§ Exercise directions
If an entry holds an image, leave that image out and transcribe everything else exactly.

§ Listed records
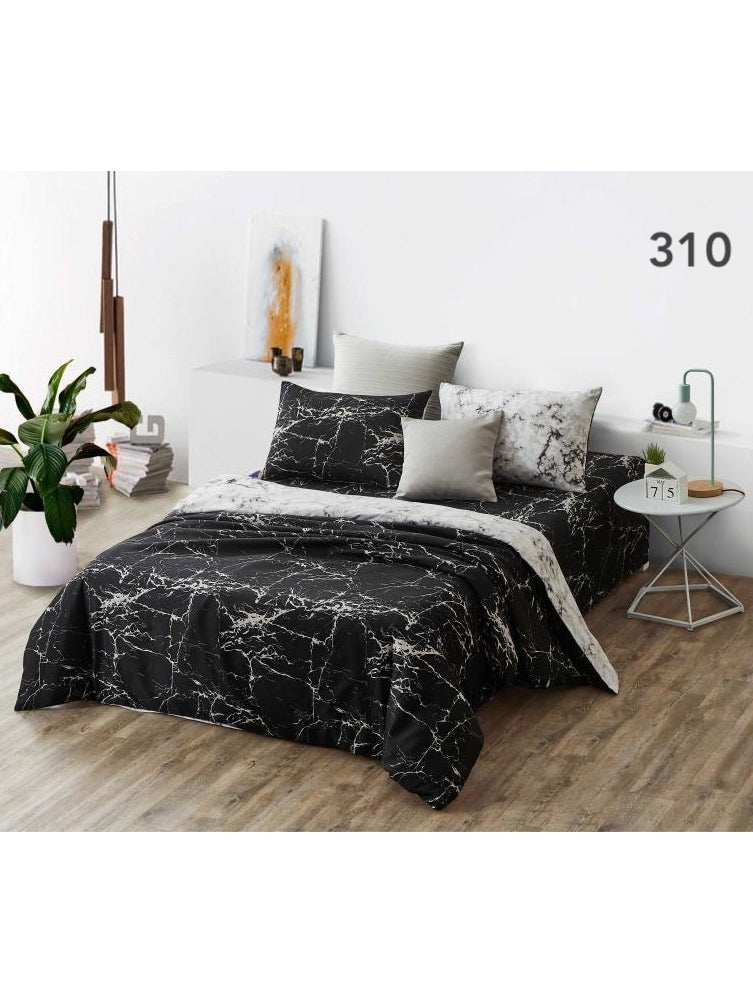 ETOZ Quilt Cover Set with Bedsheet - 950 High Thread Count - Fit Up To 16 Inches Mattress - Marble Quilt Cover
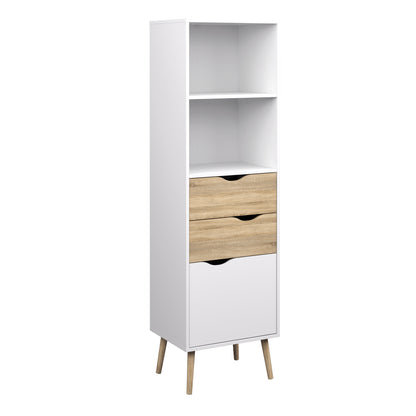 oslo bookcase 2 drawers 1 door in white and oak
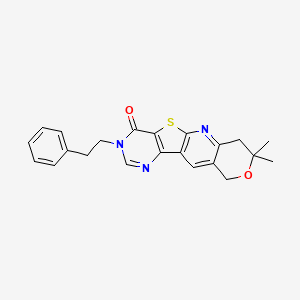 8,8-dimethyl-3-(2-phenylethyl)-7,10-dihydro-8H-pyrano[3'',4'':5',6']pyrido[3',2':4,5]thieno[3,2-d]pyrimidin-4(3H)-one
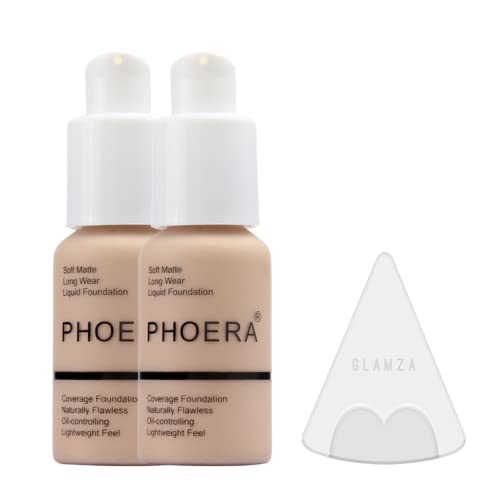Glamza Phoera Foundation Full Coverage Makeup Set - 24hr Long Lasting Oil Control - Soft Smooth Matte Flawless Concealer Cream - Inc x2 30ml Foundation & Silicone Blender Sponge (102 Nude)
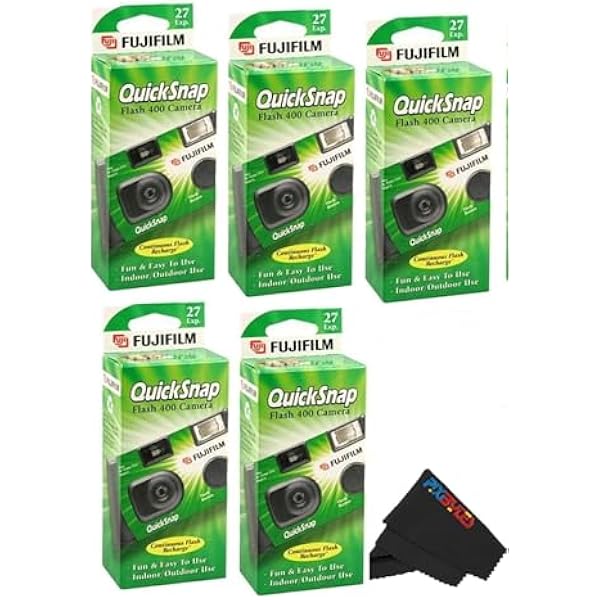 Fujifilm QuickSnap Flash 400 Disposable 35mm Camera with PixiBytes Microfiber Cleaning Cloth... (5 Packs (2 Twin /1 Single Pack))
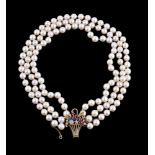 A cultured pearl and multi gem set necklace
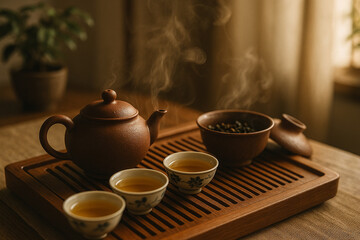 Fototapeta premium Steaming Tea Ceremony with Clay Teapot and Cups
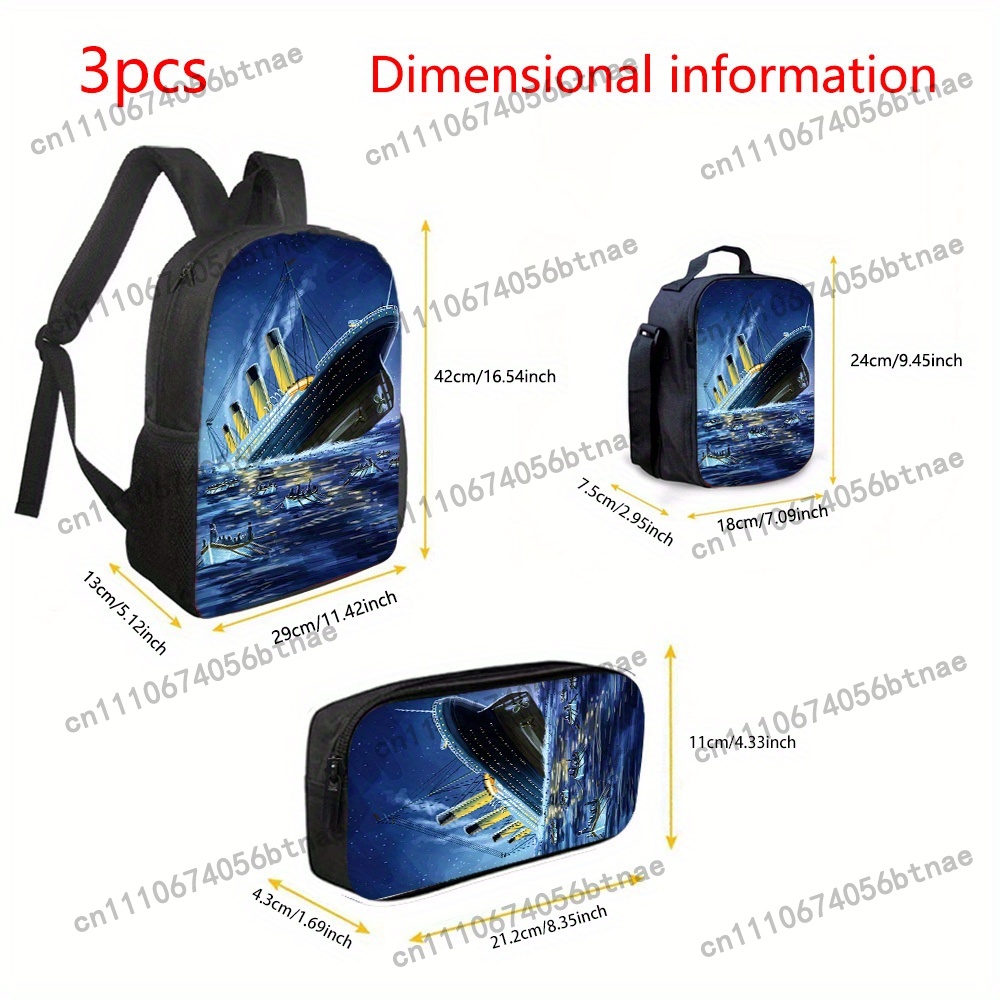 3pcs Titanic Pattern Backpack  - огляд і ціна Handbags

§ Output of the exercise
 ETOZ Quilt Cover Set with Bedsheet - 950 High Thread Count - Fit Up To 16 Inches Mattress - Marble Quilt Cover
 oslo bookcase 2 drawers 1 door in white and oak
 8,8-dimethyl-3-(2-phenylethyl)-7,10-dihydro-8H-pyrano[3'',4'':5',6']pyrido[3',2':4,5]thieno[3,2-d]pyrimidin-4(3H)-one
Glamza Phoera Foundation Full Coverage Makeup Set - 24hr Long Lasting Oil Control - Soft Smooth Matte Flawless Concealer Cream - Inc x2 30ml Foundation & Silicone Blender Sponge (102 Nude)
 Fujifilm QuickSnap Flash 400 Disposable 35mm Camera with PixiBytes Microfiber Cleaning Cloth... (5 Packs (2 Twin /1 Single Pack))
 A cultured pearl and multi gem set necklace
 Fototapeta premium Steaming Tea Ceremony with Clay Teapot and Cups
 3pcs Titanic Pattern Backpack  - огляд і ціна Handbags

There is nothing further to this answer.